2004 Stanley Cup Final Preview
(East #1) Tampa Bay Lightning vs. (West #6) Calgary Flames Tampa Bay:
The Lightning entered the playoffs characterized as the NHL’s hell bent, high-tempo team. That quality did not show up much during the Eastern Conference Final, but Tampa won anyway. So the team can adjust its game to suit the circumstances.
Everything you need to know about the Lightning offense is in the top two lines. Vincent Lecavalier, Martin St. Louis and Ruslan Fedotenko have been together for most of the playoffs, as have Brad Richards and Fred Modin with Cory Stillman and Dave Andreychuk doing spot duty. Those lines account for the scoring. The Lightning power play buried Philadelphia, going for 7-for-14 in the last four games.
In their own zone, the Lightning outlasted the Flyers by the slimmest of margins, proving they do not wear down easily. But the defense is vulnerable to forechecking and quick breakout plays, with goaltender Nikolai Khabibulin counted on to clean up the ensuing mess. He has played well, but not as well as Calgary’s Miikka Kiprusoff. The defensemen don’t score much either, with offensive contributions limited to point shots on the power play.
The Flames finished sixth in the Western Conference before defeating the top three teams in the West to get to the Stanley Cup Final. They were the NHL’s third-best defensive team duringnthe regular season. Had Kiprusoff had not missed a long stretch of games with a knee injury, Calgary would have almost certainly climbed higher in the standings.
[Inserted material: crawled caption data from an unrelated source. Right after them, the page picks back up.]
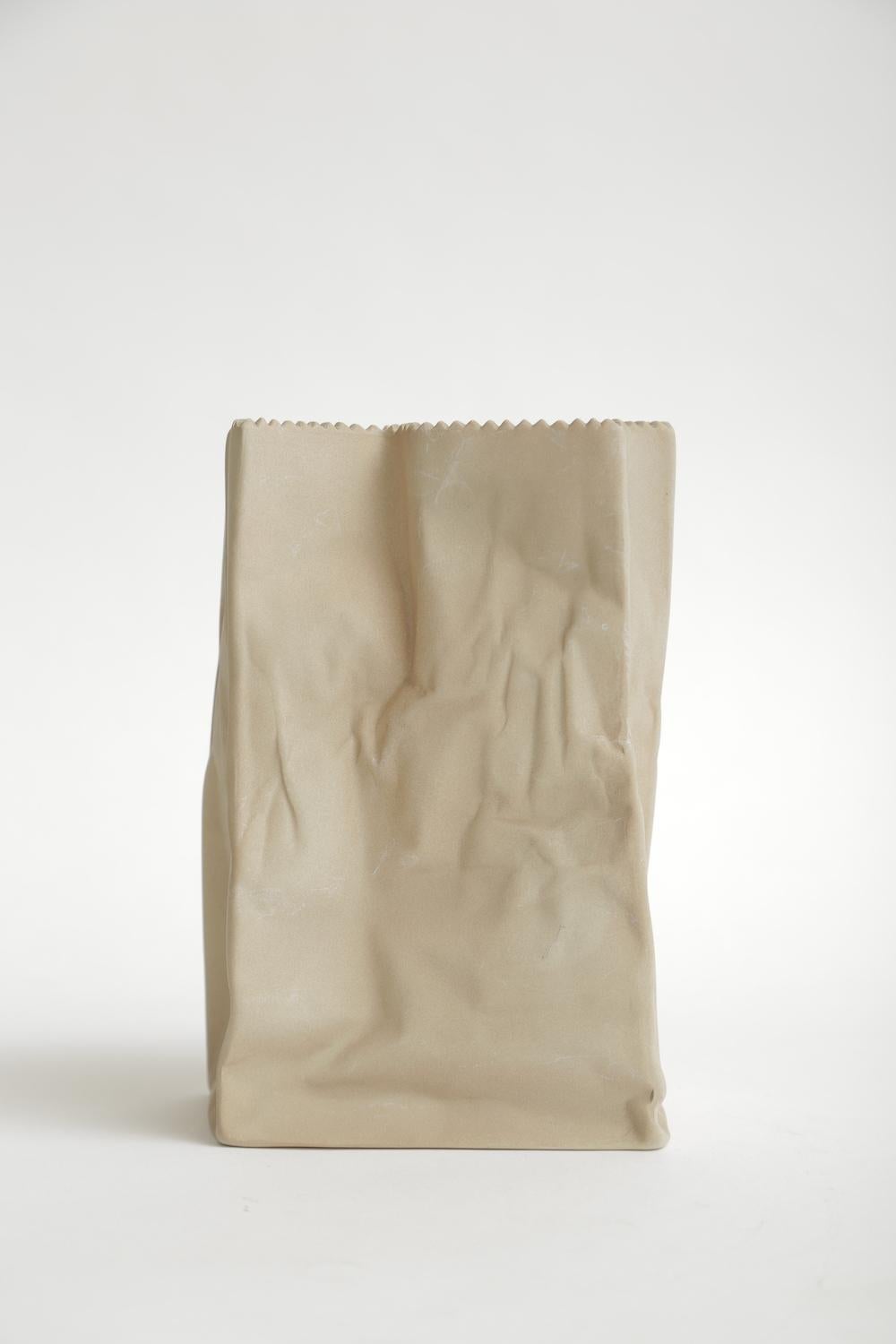 This crushed Rosenthal porcelain brown paper bag sculpture is vintage. It is from the 1970s. Always popular and desirable. It is part pop art and part modern sculpture in porcelain form. Please note: This is now on sale at a great price.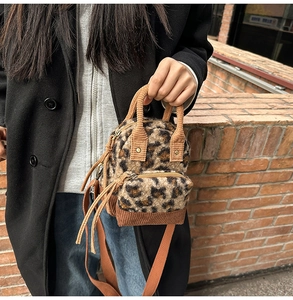 Dettaglio borsa peluche leopardata con finiture in velluto a coste e zip dorate
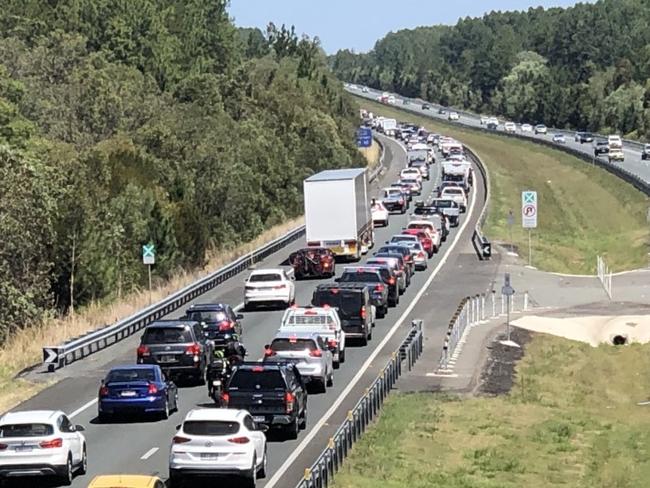 Traffic banked up on the Bruce Highway underneath the Red Rd overpass in Beerburrum.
If Kiprusoff is the surprise of the year, the Calgary defense runs a close second. The top pair of Robyn Regher and Jordan Leopold has been a revelation, perhaps the best defensive unit in the playoffs. When Steve Montador, Mike Commodore and Andrew Ference were forced up the depth chart to fill in for injured team mates, the Flames looked vulnerable. But each has raised his game to previously unknown heights.
While tending towards a more physical game than Tampa, Calgary plays a style the Lightning will recognize: chase the puck as if your life depended on it, win those fifty-fifty plays along the boards, and watch the scoring chances open up from there. Jarome Iginla, Craig Conroy and Martin Gelinas have emerged as the top line, but the Flames would not be here without occasional scoring throughout the lineup. Forwards like Ville Nieminen, Marcus Nilson and Shean Donovan have shown a flair for dramatic goals. Compared to Tampa, Calgary has not been effective on the power play or penalty kill.
The Issue: What will unfold when the Flames take a penalty? The Lightning, who exploited Philadelphia’s shortage of healthy defensemen, will face a more aggressive penalty kill from Calgary. At even strength, the Flyers outscored Tampa 16-10 over the course of their series. So if the Flames can limit their penalties and kill off their share, the Lightning could find themselves in a scoring drought.
The Call: It’s hard to bet against the hot goaltender. Kiprusoff has had a far tougher ride than Khabibulin throughout these playoffs, and has been equal to the challenge at every turn. If the Lightning power play keeps up its 20 per cent conversion rate, they are off to the races. Otherwise, Calgary in six.